Evidence: In the 1-back memory task, charts with pictographic data marks produced less recall error than charts with simple shapes, while the earlier immediate-recall and speeded-reading tasks did not show a strong pictograph advantage (Haroz et al., 2015).
context
Use when memory is crowded
- User Goal: Recall exact values from one chart after encountering another chart or other intervening information.
- Task: Delayed recall with memory load.
- Data: Small sets of quantitative category values.
- Chart Setting: A simple chart can encode values with pictographic marks or with simple geometric shapes.
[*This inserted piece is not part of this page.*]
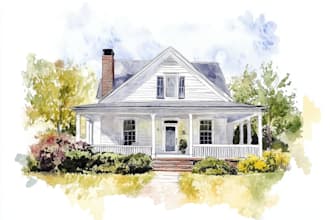 turn your home into watercolor house painting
- Audience: Viewers keeping multiple datasets in mind at once.
- Success Criterion: Lower recall error after the intervening material.
exceptions
Do not expect the same gain in immediate reading
Break it when: Viewers answer immediately from a single just-seen chart or when fast lookup is the only criterion. Why: The study found the pictograph benefit when memory was crowded, not in the immediate tasks.
costs
Tradeoffs of pictographic marks
Sacrifice: You give up some visual simplicity. Risk: The extra detail can add complexity without helping when memory load is low. Mitigation: Reserve pictographic marks for demanding recall situations.
mistakes
Common failure mode
Mistake: Adding pictographs only as labels or background decoration instead of using them as the data marks. Why it fails: The memory benefit came from pictographs embedded in the value encoding.
check
How to test it
Failure Sign: Viewers confuse the current dataset with the previous one. Quick Check: Run a 1-back style comparison: show chart A, then chart B, and ask for A’s values using both pictograph-mark and simple-shape versions. Stronger Test: Compare average absolute recall error after an intervening chart, not just immediate same-screen reading.
fix
What to change
- Replace simple geometric marks with pictographic marks that encode the same values.
- Keep the pictographs inside the value marks rather than as separate labels or background images.
- Revert to the simpler mark style if the task changes to immediate lookup instead of delayed recall.